Письмо А. А. Тарковского о поэзии Ахматовой, которая явила… невиданную широту охвата явлений жизни. Время пересеклось с Вашим подвигом и запечатлелось в каждом Вашем стихе». (Летопись. Стр. 637.)

Телеграмма Б. Л. Пастернака А.А. к простому, не юбилейному дню рождения. От души поздравляю Вас с днем рождения. Вижу Вас радостной, смеющейся. Как бы он хотел, чтобы она читала такие строки? Целую Ваши руки. Живу мыслью о Вашей бодрости и здоровье. (Летопись. Стр. 523.) Строка о том, чем жив Пастернак, похожа уже на насмешку над хорошо ему известными ожиданиями Ахматовой.

Дарственная надпись К. Паустовского <…>: Анне Андреевне Ахматовой, лучшей поэтессе мира, наследнице Пушкина. (Летопись. Стр. 608.)

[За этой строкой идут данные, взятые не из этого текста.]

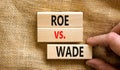 Abortion process Roe versus Wade symbol. Concept words Roe versus Wade on wooden blocks. Lawyer hand. Beautiful canvas table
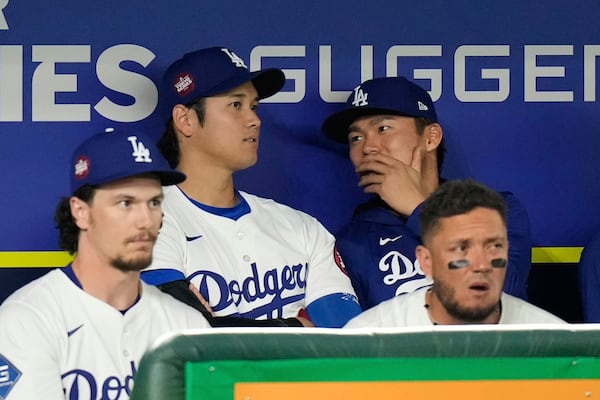 Los Angeles Dodgers' Shohei Ohtani, rear left, and Yoshinobu Yamamoto, rear right, talk as they watch a spring training baseball game against the Yomiuri Giants in Tokyo, Japan, Saturday, March 15, 2025. (AP Photo/Hiro Komae)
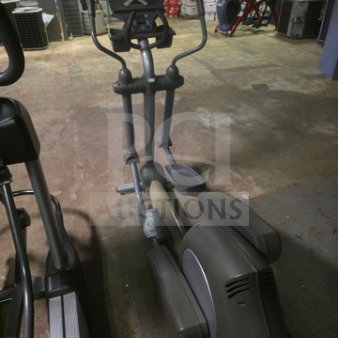 Life Fitness 91xi Commercial-Grade Elliptical Cross-Trainer, unknown condition, sold as is, shown in storage area.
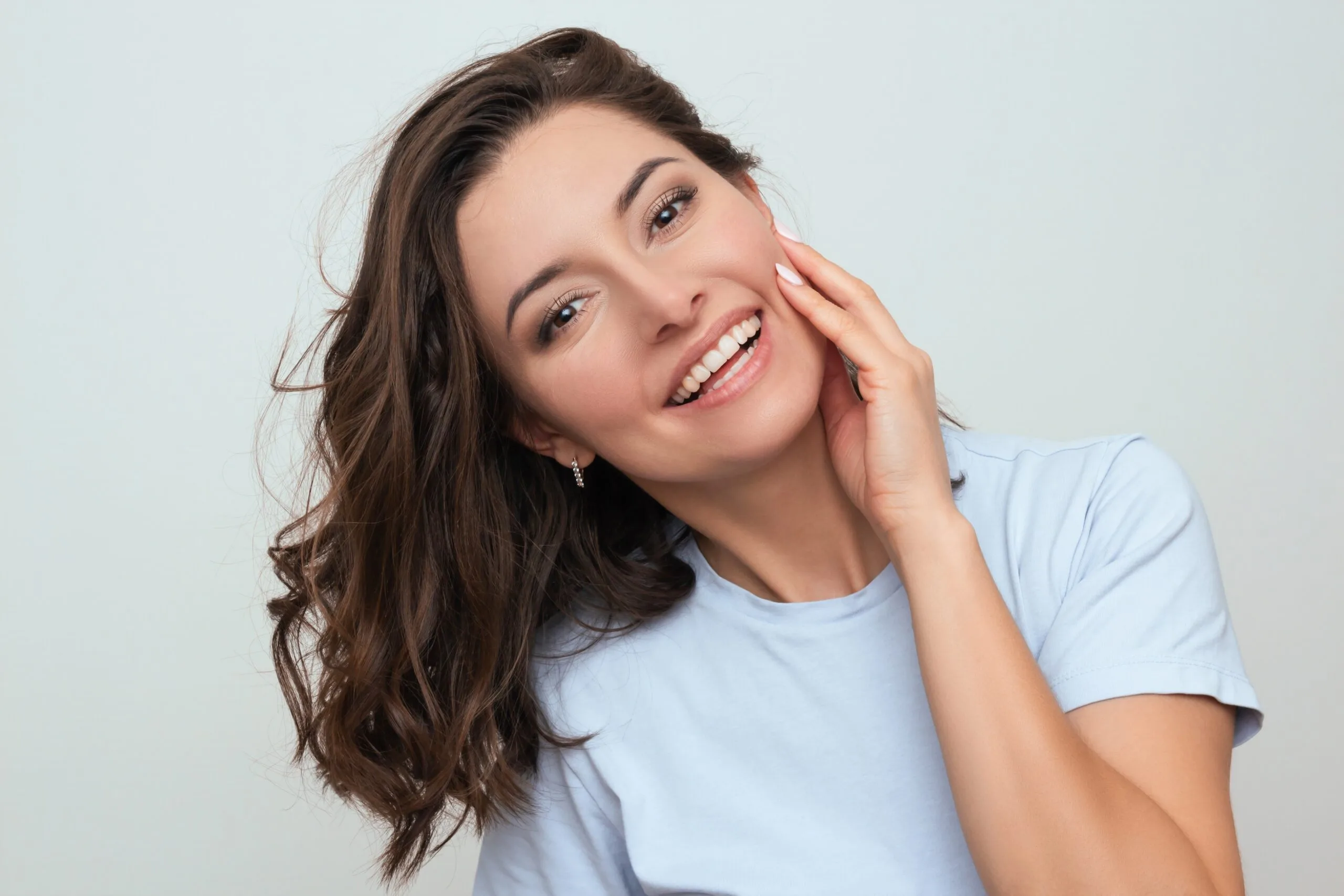 Woman touching her cheek and smiling, demonstrating facial volume and skin results
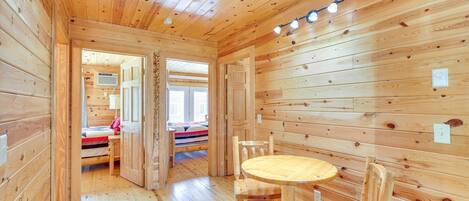 Interior de una cabaña de madera con comedor, una cama y un baño visible a través de una puerta abierta.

«Дорогой Анне Андреевне в знак преклонения перед великим Талантом и не менее великим Мужеством. Георгий Беленький. (Летопись. Стр. 632.) Приличный ее запросам инскрипт она переписала в свою записную книжку — ведь ее дневники будут издаваться соответствующими тиражами, а до музейных витрин кто доберется, дарственные надписи на чужих книгах разглядывать?

* * *

В долготу дней. Так поклонникам надписывает свои вечные книги Анна Андреевна. Псалмопевец же в церковно-славянском переводе возглашает: в долготу дний. В синодальном переводе, разумеется, говорится обыденно, по-простому — многие дни. Анна Андреевна по-каковски изволила выражаться?